As far as i know, there's no way to actually uncook the egg or change it from a boiled egg to a fried one - even the method used in the question about un-boiling only referred to whites. You might be able to alter the texture and perhaps presentation to make your boiled egg look similar to a fried one, if that helps?
Well, solid whites are solid whites - I would expect the texture to be pretty similar from boiled to fried, though you might slice them thinly and fry them if you want the extra grease, hardened edges and browning in your egg whites. Additionally, if you have them sliced thinly, and lay them overlapping on a very hot oiled pan, you might encourage them to stick together (with browned and hardened bits holding the pieces together) in a shape similar to fried egg whites, although it will still be more fragile and prone to breaking at the seams.

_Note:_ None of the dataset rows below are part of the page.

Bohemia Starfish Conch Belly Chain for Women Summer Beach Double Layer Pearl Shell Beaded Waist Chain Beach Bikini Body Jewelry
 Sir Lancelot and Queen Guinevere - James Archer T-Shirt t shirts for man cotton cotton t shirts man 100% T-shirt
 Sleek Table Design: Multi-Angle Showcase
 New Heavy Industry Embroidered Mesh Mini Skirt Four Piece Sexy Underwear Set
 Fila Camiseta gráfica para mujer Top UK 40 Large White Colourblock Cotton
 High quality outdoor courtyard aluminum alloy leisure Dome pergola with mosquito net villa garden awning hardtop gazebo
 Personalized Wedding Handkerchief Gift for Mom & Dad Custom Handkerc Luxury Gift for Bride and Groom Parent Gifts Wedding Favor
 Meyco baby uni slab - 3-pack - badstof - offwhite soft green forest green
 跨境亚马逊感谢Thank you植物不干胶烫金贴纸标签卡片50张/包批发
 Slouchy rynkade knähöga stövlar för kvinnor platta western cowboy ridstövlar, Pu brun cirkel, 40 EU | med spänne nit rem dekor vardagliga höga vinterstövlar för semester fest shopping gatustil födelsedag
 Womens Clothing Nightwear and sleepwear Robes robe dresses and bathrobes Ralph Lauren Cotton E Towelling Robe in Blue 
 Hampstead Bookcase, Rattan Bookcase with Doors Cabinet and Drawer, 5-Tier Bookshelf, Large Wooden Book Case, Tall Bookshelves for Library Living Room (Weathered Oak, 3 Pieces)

Yolk is trickier, since it won't un-set into liquid once it has set up - even the process noted in un-boiling an egg was only for egg whites. A hard boiled egg is dry enough to act as a paste, so just mashing it won't do - on the other hand, adding some liquid (perhaps butter for flavor and color) and blending into a thick liquid could get you a looser, still egg-flavored and buttery-tasty sauce to dip your toast in, very similar to dipping in just yolk. As a bonus, you would likely have more yolk-sauce than you would actual yolk, so you get extra dipping action.
I've used set yolks to make a sauce (although that was gelatinized by drying, not set by boiling), and the result was very thick - it took a lot of liquid and still wanted to set up as a paste when I let it sit. So a set-yolk sauce may turn out to need quite a bit of liquid to reach runny yolk consistency, or it may have a tendency to re-thicken quickly. But I think it would still be possible.